It looks like that particular MEDIATEK wireless is unsupported on FreeBSD. MT7961 runs on Linux with the mt7921e driver. In the FreeBSD source there is no trace of a mt79xx driver.

To get wireless on FreeBSD you need a supported internal PCI or external USB device.


----------



## egoholic (Aug 4, 2022)

T-Daemon said:


> It looks like that particular MEDIATEK wireless is unsupported on FreeBSD. MT7961 runs on Linux with the mt7921e driver. In the FreeBSD source there is no trace of a mt79xx driver.
> 
> To get wireless on FreeBSD you need a supported internal PCI or external USB device.


How I can check in a store with smartphone if particular USB wifi device will work fine with FreeBSD or I need to bring the notebook to the store and just test it? What the procedure for such a test, will a USB device be recognised by FreeBSD and automagicaly setted up, or I need to perform some setup in a terminal? Where I can fine such info? In the FreeBSD handbook I found only info about network devices setup during installation process.


----------



## elgrande (Aug 4, 2022)

egoholic said:


> How I can check in a store with smartphone if particular USB wifi device will work fine with FreeBSD or I need to bring the notebook to the store and just test it? What the procedure for such a test, will a USB device be recognised by FreeBSD and automagicaly setted up, or I need to perform some setup in a terminal? Where I can fine such info? In the FreeBSD handbook I found only info about network devices setup during installation process.

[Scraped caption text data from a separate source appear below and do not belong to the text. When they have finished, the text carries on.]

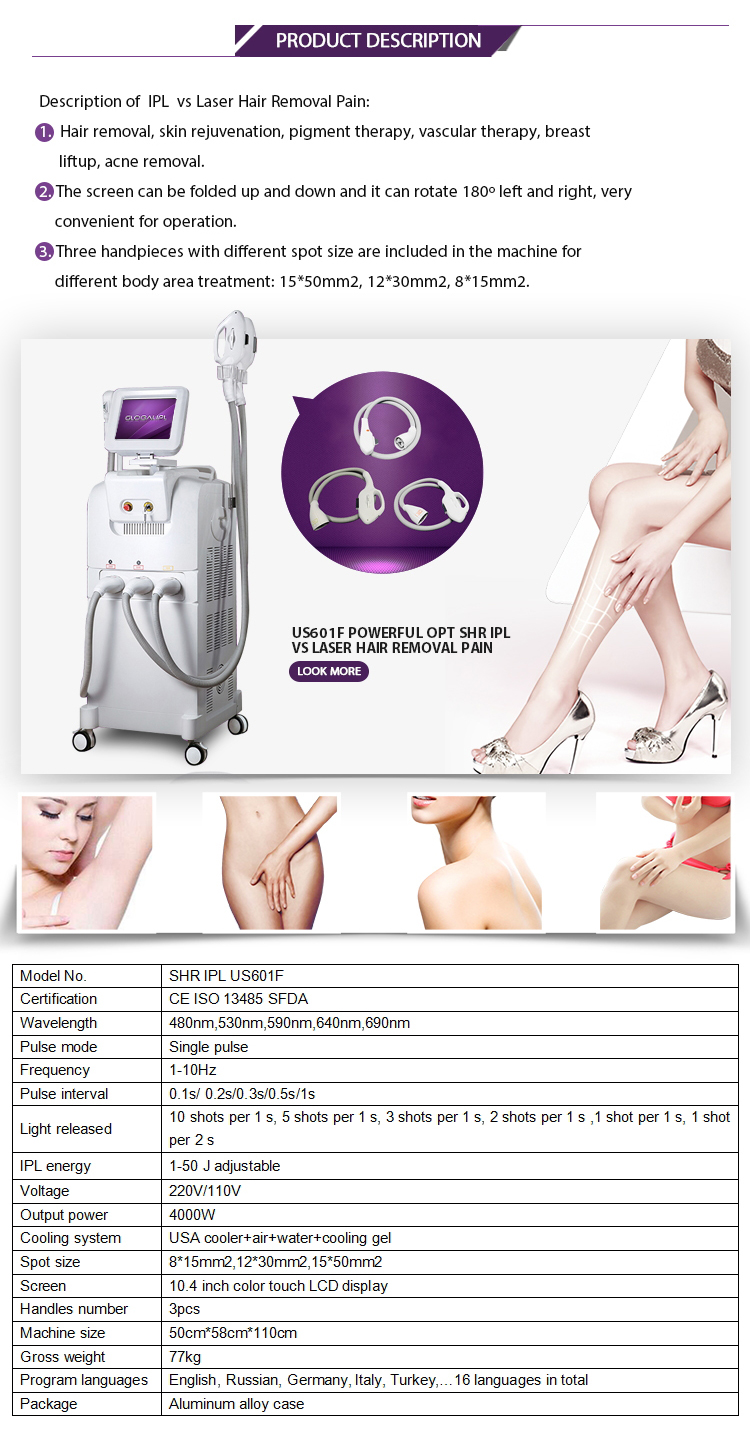 КЭ одобрил оборудование 1 красоты ИПЛ РФ - 50Дж/км2 выход плотности энергии 3000В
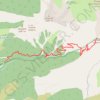 Le piolit GPS track, route, trail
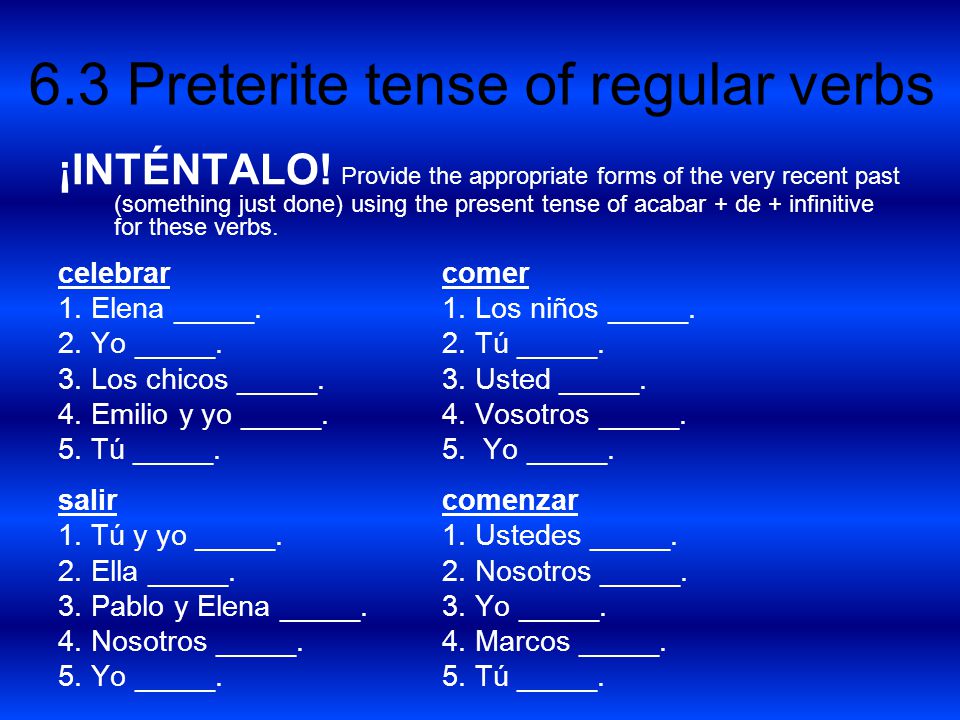 ¡INTÉNTALO! Provide the appropriate forms of the very recent past (something just done) using the present tense of acabar + de + infinitive for these verbs.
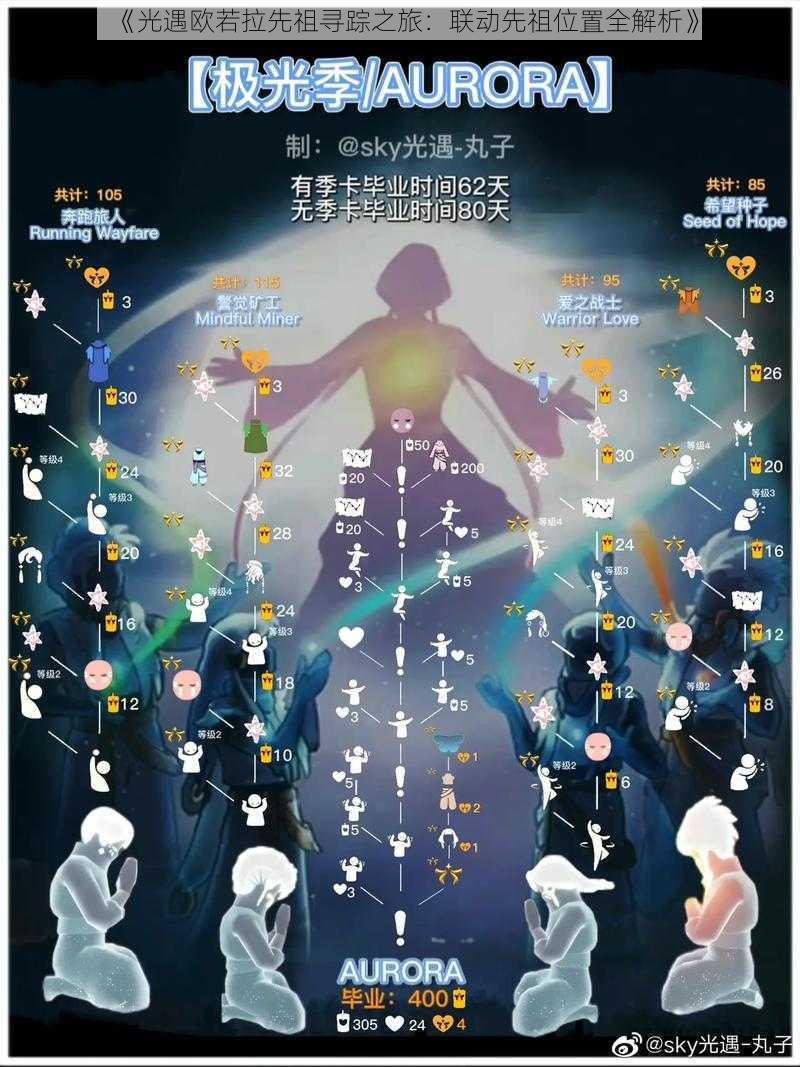 《光遇欧若拉先祖寻踪之旅：联动先祖位置全解析》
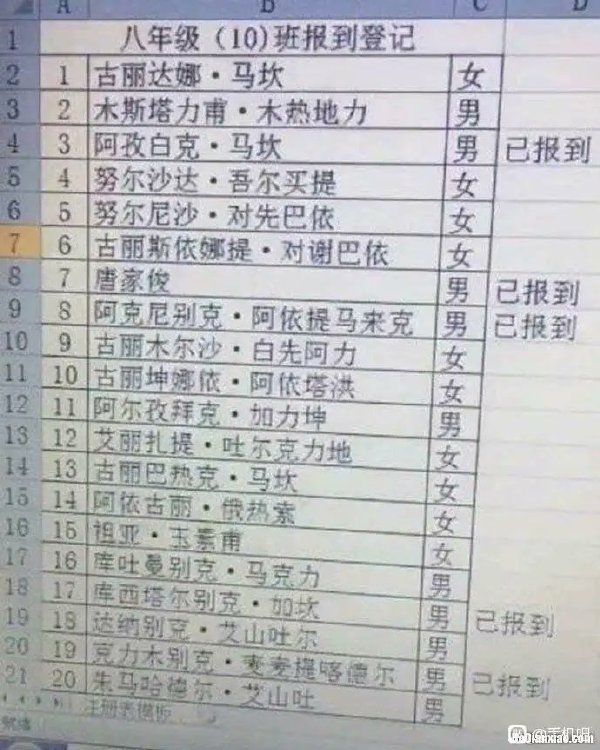 为什么被点名的总是我
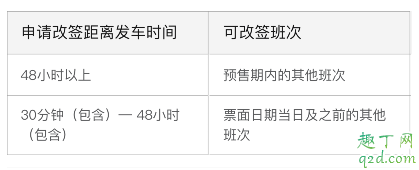 拼多多买火车票靠谱吗 拼多多买火车票可以改签吗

https://www.freebsd.org/releases/13.1R/hardware/ has a section '3.4. Wireless Network Interfaces', you could check against this to be safe.


----------



## T-Daemon (Aug 4, 2022)

Other supported wireless cards not mentioned in the 13.1-RELEASE hardware notes, like iwlwifi(4), can be viewed by searching the manual page databases: `apropos wireless`.

iwlwifi supported devices, full list.


----------



## Voltaire (Aug 4, 2022)

egoholic said:


> How I can check in a store with smartphone if particular USB wifi device will work fine with FreeBSD or I need to bring the notebook to the store and just test it? What the procedure for such a test, will a USB device be recognised by FreeBSD and automagicaly setted up, or I need to perform some setup in a terminal? Where I can fine such info? In the FreeBSD handbook I found only info about network devices setup during installation process.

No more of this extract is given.